Data supplied section start

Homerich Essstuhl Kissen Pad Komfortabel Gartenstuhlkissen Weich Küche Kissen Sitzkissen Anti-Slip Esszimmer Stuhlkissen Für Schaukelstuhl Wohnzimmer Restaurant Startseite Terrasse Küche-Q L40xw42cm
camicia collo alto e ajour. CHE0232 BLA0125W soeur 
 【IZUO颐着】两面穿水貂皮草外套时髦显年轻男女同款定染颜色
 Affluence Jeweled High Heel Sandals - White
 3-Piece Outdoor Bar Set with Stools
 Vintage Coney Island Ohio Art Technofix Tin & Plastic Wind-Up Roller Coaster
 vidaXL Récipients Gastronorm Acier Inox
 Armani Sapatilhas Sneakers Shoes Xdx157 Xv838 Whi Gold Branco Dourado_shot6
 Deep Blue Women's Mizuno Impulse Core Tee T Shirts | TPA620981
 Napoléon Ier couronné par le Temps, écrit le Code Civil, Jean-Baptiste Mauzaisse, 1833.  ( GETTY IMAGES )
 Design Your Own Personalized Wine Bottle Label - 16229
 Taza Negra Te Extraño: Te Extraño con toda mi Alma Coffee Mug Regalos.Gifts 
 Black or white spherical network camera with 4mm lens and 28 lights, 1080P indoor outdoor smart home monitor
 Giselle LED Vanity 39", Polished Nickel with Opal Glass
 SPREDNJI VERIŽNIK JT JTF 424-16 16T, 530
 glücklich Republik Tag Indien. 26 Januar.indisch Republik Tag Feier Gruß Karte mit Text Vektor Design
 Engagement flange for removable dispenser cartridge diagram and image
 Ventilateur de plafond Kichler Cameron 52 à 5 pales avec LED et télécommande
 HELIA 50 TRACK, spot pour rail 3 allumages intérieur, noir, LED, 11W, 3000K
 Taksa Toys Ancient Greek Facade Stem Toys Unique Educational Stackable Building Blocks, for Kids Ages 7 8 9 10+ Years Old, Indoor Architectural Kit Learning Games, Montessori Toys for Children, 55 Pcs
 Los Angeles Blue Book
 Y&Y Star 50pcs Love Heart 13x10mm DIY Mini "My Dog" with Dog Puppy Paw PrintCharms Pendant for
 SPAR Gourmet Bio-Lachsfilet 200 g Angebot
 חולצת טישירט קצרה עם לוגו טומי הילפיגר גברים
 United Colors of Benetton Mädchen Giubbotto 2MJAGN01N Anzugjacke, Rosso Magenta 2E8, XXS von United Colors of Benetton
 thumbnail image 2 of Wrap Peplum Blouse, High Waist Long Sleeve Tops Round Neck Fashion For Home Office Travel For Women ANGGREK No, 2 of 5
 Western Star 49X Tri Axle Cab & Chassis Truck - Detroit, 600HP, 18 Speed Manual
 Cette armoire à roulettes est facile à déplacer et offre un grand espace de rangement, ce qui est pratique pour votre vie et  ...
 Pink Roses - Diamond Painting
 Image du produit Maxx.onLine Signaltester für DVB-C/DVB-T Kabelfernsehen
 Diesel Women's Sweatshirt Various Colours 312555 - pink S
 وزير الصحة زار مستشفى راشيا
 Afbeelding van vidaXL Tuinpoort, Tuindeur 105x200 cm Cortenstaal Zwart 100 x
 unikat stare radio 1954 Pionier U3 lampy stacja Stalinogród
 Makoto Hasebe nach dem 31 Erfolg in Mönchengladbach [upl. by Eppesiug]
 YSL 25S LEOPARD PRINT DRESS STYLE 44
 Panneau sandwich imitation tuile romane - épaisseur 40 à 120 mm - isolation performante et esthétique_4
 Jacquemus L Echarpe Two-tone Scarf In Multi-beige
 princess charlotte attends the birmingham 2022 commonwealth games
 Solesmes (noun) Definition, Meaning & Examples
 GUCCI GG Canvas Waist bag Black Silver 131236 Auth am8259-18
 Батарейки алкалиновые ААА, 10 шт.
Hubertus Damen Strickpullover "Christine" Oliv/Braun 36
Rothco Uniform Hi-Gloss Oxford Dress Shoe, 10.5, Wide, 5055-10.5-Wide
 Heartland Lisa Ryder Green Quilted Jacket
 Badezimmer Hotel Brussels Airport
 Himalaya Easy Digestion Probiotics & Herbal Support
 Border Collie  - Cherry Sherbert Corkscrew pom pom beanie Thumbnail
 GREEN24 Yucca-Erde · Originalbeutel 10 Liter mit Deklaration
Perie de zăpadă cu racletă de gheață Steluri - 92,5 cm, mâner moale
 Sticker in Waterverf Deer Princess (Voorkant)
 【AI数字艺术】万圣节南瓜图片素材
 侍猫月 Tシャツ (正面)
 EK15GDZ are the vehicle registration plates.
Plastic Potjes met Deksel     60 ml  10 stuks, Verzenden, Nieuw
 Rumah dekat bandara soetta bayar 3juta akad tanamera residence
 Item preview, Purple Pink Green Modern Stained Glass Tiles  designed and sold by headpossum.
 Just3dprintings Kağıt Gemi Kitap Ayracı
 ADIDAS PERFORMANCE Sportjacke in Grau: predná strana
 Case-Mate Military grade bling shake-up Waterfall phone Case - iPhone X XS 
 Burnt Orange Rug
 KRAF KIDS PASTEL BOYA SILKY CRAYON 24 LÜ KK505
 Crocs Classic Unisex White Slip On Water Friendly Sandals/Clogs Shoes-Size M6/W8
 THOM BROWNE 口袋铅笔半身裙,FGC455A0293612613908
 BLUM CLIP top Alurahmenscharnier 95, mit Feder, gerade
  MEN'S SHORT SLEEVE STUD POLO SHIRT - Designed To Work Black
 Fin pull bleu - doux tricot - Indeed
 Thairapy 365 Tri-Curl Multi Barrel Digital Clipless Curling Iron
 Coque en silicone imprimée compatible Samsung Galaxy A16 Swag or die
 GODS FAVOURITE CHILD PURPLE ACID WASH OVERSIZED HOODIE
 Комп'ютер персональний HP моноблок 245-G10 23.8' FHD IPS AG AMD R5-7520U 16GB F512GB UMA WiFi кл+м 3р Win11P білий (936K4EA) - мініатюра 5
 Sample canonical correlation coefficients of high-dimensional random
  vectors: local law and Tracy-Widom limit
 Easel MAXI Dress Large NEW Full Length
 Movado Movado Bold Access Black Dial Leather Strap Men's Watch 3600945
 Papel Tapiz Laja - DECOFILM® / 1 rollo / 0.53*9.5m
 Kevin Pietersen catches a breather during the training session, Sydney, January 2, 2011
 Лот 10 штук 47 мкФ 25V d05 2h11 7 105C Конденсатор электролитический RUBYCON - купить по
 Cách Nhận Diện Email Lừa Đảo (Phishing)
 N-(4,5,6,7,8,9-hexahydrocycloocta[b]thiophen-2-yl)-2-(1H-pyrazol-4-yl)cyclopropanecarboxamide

Data supplied section end

**Task description**
Show, from the material above, each line that includes the string "vidaXL".

**Expected answer**
 vidaXL Récipients Gastronorm Acier Inox
 Afbeelding van vidaXL Tuinpoort, Tuindeur 105x200 cm Cortenstaal Zwart 100 x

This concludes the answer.